For the record, the books in the series are:
  1. The Gap Into Conflict: The Real Story, 220 pages, 20 page afterward, review link
  2. The Gap Into Vision: Forbidden Knowledge, 455 pages, review link
  3. The Gap Into Power: A Dark and Hungry God Arises, 518 pages, review link
  4. The Gap Into Madness: Chaos and Order, 674 pages, review link
  5. The Gap Into Ruin: This Day All Gods Die, 688 pages
About the last book itself: I think it is the best of all. Of course it benefits from being the volume that resolves the conflicts and lose ends, thus tying up the overall story. More importantly, the reader learns where the various characters wind up, and how they respond to their individual fates. Once I started reading it, I finished it all in just two days, despite other commitments. (In fact, I have to finish this review and then get back to the rest of my life, which I've left on hold for too long.)

Of the whole series, I have refined my thoughts about it over time. I called it a "space opera" in a previous review, and that is correct, but it's also misleading. The term fits because of the setting (space ships, faster than light drive, conflict in deep space, etc.) and characters (some of whom are well oversize, driven, conflicted, etc.). But there's much more to these novels than just telling a story about some people in space and their arguments.

Donaldson has a tendency to write about complex things. In my experience, he really hits on ethics and redemption. Hard. He hammers on his characters as they go through their story. Often they don't understand the forces and motivations driving them, so they have to discover (or make up) reasons for things as they go along. And all his major characters have significant flaws they must overcome, or not. They tend not to be "nice" people - not even remotely.

The Gap series follows that pattern. There are perhaps six or eight major characters, about whom we learn a lot and who we see change over time. There are another ten or so characters who we see in some detail, and who also grow, but we don't concentrate on them quite as much. Donaldson is telling the stories of those people - all of them, to some depth - as the whole story unfolds. It is the individual stories of those people that are really important. The overall plot is a vehicle or place where he can let his characters evolve and change.

Donaldson uses an interesting literary device in these books. The chapter titles are just the names of the characters. All they tell you is which person's point of view you're getting in each chapter. The story is linear, so in general the chapters don't overlap much. As a result, you see each character handle certain pivotal situations personally, rather than from outside. This makes the impacts of events more personal and gut wrenching for both the characters and the reader.

As I stated in my review of The Real Story, that book could be read as a stand alone tale. (It's almost short enough to be a novella.) However, of the five books, it is the weakest. And it is only the huge expansion on what we know about each of the characters that puts the needed perspective on that first novel. (I listed the number of pages in each book above just to give a sense of how much more story their is after that first book completes.)
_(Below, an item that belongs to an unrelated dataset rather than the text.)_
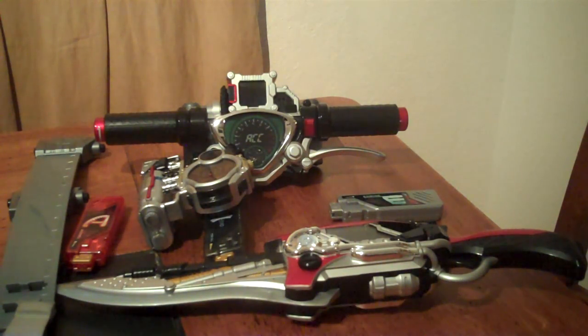Hey guys, KDX50 here with another video. Now that I have reviewed the trial memory, the final piece to the Accel Henshin series, I will do an overview of the entire Kamen Rider Accel Henshin series.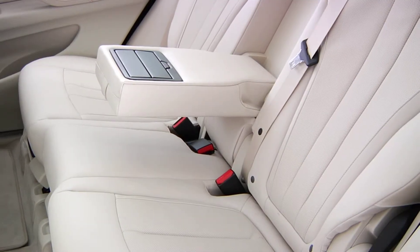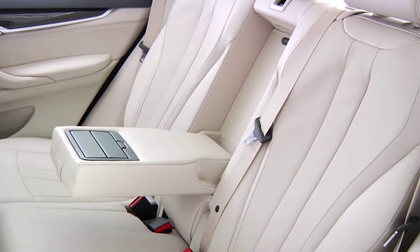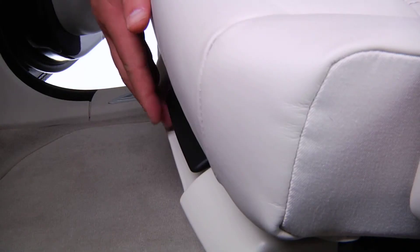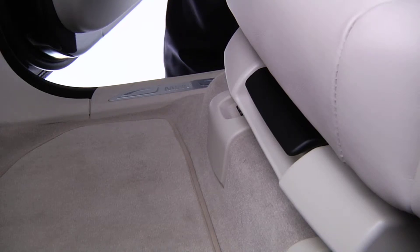The rear comfort seats on the X5 can now be moved both forwards and backwards and the backrest tilt can be adjusted to six settings. To increase legroom for rear passengers, pull the lever just below the bottom cushion and slide the seat in the desired direction until it latches in place.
I could quibble with a couple of nits in these books. Science fiction is hard to write in a way that will keep someone well trained in science happy all the time. And I think Donaldson's Thomas Covenant books are somewhat better, partly because they avoid those issues entirely by virtue of their fantasy setting.

That said, however, the Gap series does make the reader think about the gray areas of morality and ethics in much the same way that Covenant does. What does it mean when you have to do bad things to get a good result in the end? What if you have to use people - in the most horrific of ways - to achieve that end? Donaldson even approaches the question of possession here - something he dwells on at length in The Second Chronicles of Thomas Covenant. Is possession ever acceptable? And again, does the end ever justify the means?

In fact, I think Donaldson's questions around possession are better presented in the Gap series because I can imagine the devices he describes that allow possession actually being possible. Possession though magic is never going to happen, but possession though technology... now there is something that could become all too real.

I admire Donaldson immensely. His work is powerful stuff, and it takes some stomach to get through it. But coming out the other side is, for me, always transformative. I believe that is his intent. I think his goal - if he has one beyond simply telling the stories of his characters - is to make his readers think deeply about the ways people treat each other, in the hopes that we'll all be better at it in the end.

I strongly recommend these books, but if you start, you need to finish them all.